Hal, nice try but your numbers don't take into account that it is not the profit lost that matters on bad chips but the entire cost of the chip. Therefore you should divide the $200,000 by approx $37.50 and get around 5,300 chips.

More to the point the $45 cost you mentioned is for post production large volume orders. Individual chips and run costs far exceed this. I would guess that put a design to into silicon initally cost over $10,000 per design. Just look at the company's R&D spending to get a better idea of how important the $200,000 investment will be.

OB



To: Hal Rubel who wrote (5374)7/15/1998 8:09:00 PM
From: Mark Carson  Read Replies (1) | Respond to of 16960
 
PS: On the other hand, if written off over the next million chips, at $200,000, this Quickterm adds $0.20 to the cost of each and every chip. How long can this spendthrift madness go on before we end up in the poorhouse like our competitors? HR
>>>>

Saving money on masks, etc etc is the real issue.
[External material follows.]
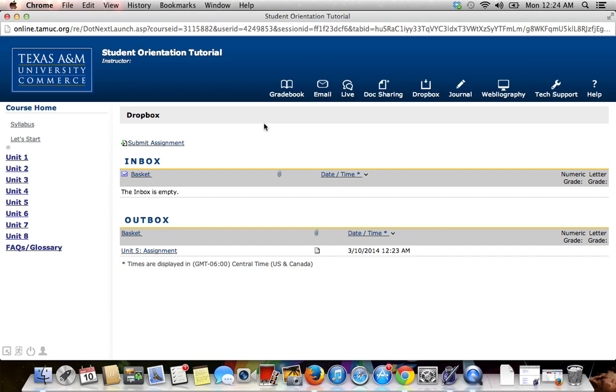If for some reason you are having a problem with eCollege and it will not let you successfully submit your assignment, you will need to contact Tech Support as your instructor does not have access to the tools they have to see what's wrong with your account and fix it for you.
When you have a 'virtual chip' your R&D just enters a whole new world of 'what-if'. Since new technology and innovation is the name of the game, this could be the biggest competitive advantage TDFX has to date.

Mark

PS: How many engineering workstations do you think they have? At $15K plus (including software), maybe we should move them back to pencils and an abacus. THAT would save money . . .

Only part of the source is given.